The persistence of their subsistence technology brings with it the maintenance of associated cultural milieus, thus the preservation of cultural traditions and their resistance to change. Not until there was another technological breakthrough did dramatic change in culture take place among the peoples of the Philippines. And this came with the introduction of intensive wet rice cultivation and the associated complex that goes with it. But since the technology is adaptable only to specific geographic situations, it flourished only in the lowlands, except in certain mountain regions where water could be channeled to terraces on the slopes as among the Bontoc, Ifugao, and Kalinga. Vast mountain regions are to remain under slash-and-burn cultivation in spite of the technological breakthrough.
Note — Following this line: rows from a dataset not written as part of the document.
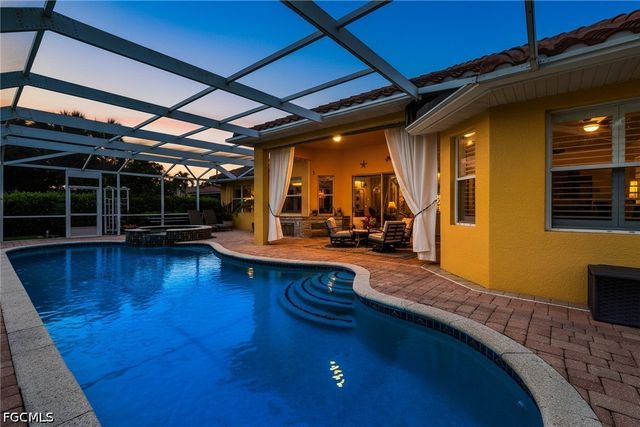 9836 Los Altos CT, Fort Myers, FL 33919
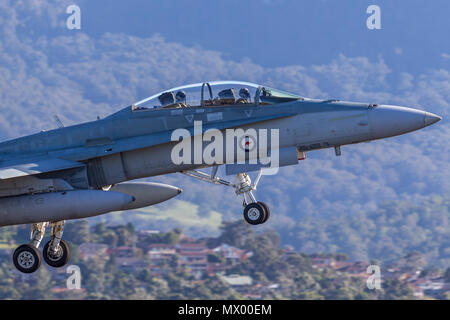 Royal Australian Air Force (RAAF) McDonnell Douglas F/A-18B Hornet jet Weg von Illawarra Regional Airport. Stockfoto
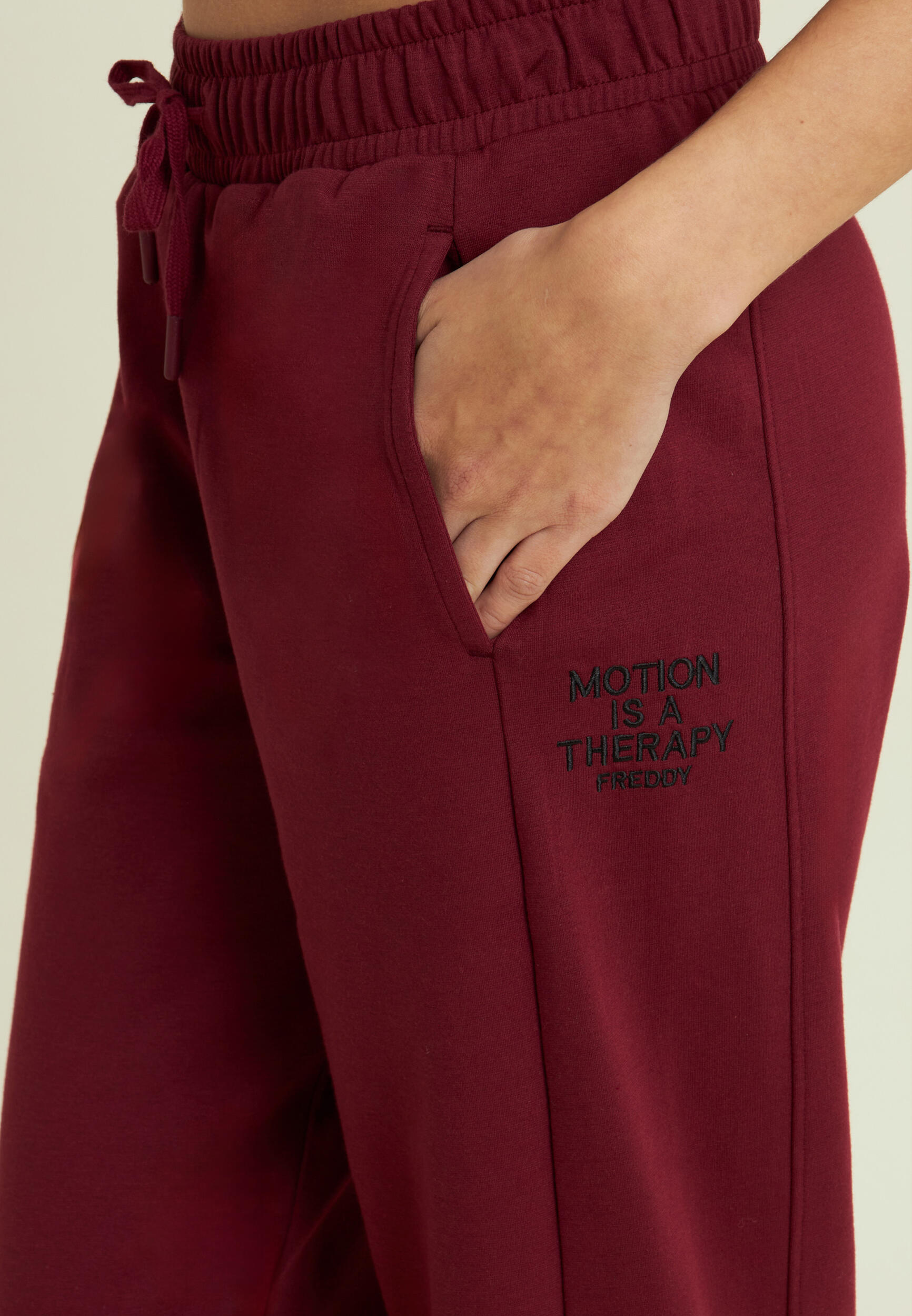 Pantaloni tuta donna regular fit felpati grigi DOMYOS Pantaloni tuta donna regular fit felpati grigi DOMYOS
The persistence of cultures is due to the capacity of groups to maintain a systematic organization where each of the functional segments of the society makes adjustments to changes so as to preserve the social structure. As a result, societies are organized as almost closed systems in a domestic type economy.
The structure of the societies is based on social functions that cofunction and covary, thus kinship, religion, social organization, subsistence technology, leadership, and so on are integrated in an interlocking network. An example of this is the I’wak of the southern Cordilleras. Among the I’wak, the basic social unit is the household defined by its capability to be economically self-sustaining and its ability to function ritually in the community. A number of households are organized into a kin-related group that operates also as a ritual congregation with the head, also a ritual practitioner. This ritual congregation cofunctions with at least one other ritual congregation in order to be able to conduct a community ritual. Animals sacrificed during rituals are utilized in the meat distribution within the community since this is shared equally among the members.
Thus, the principal ritual animal, the pig, is a basic requirement for a unit to be considered a social member of the community. The taro, which is the principal crop, is also the ritual cultigen and it systematically binds the various households together in terms of cultivation. Taro is propagated through cuttings. But since taro is harvested daily to fill the daily consumption only, not enough cuttings can be gathered to plant a field sufficiently. Other members of the community contribute cuttings so that a taro field may be planted, thus sharing in the capital outlay. The elders of the community who are active in ritual practice also operate as the group from which community decisions and leadership emanate.
Each of the social functions, however, serves as a linchpin that holds the rest of the society together. Social change is effected when a link in the structural chain is changed. Among the I’wak, changes took place when advanced soil degradation necessitated the shift of cultivation from taro to sweet potato. Cooperation between households no longer became necessary, for instance, to get slips for planting a field. Sweet potato did not have a function in rituals, thus with cohesion gone, the society began to disintegrate even in its religious structure.
The effects are seen in household migration and the movement from a purely domestic economy to an integration with the market economy and labor market. But even without changes that come from within, social change comes inevitably with the integration of the various ethnic groups with the market system that intermeshes the rest of the country and the continuing imbalance between population and the land they inhabit. Thus, social practices change with the changing times. However, vestiges of aspects of particular cultures persist, even when modified, and become bases for tradition to become what is recognized as the “adat” of the southern Philippines, or the “kadawyan” of the north: things of the past, yet creations of the contemporary factors that continually change them.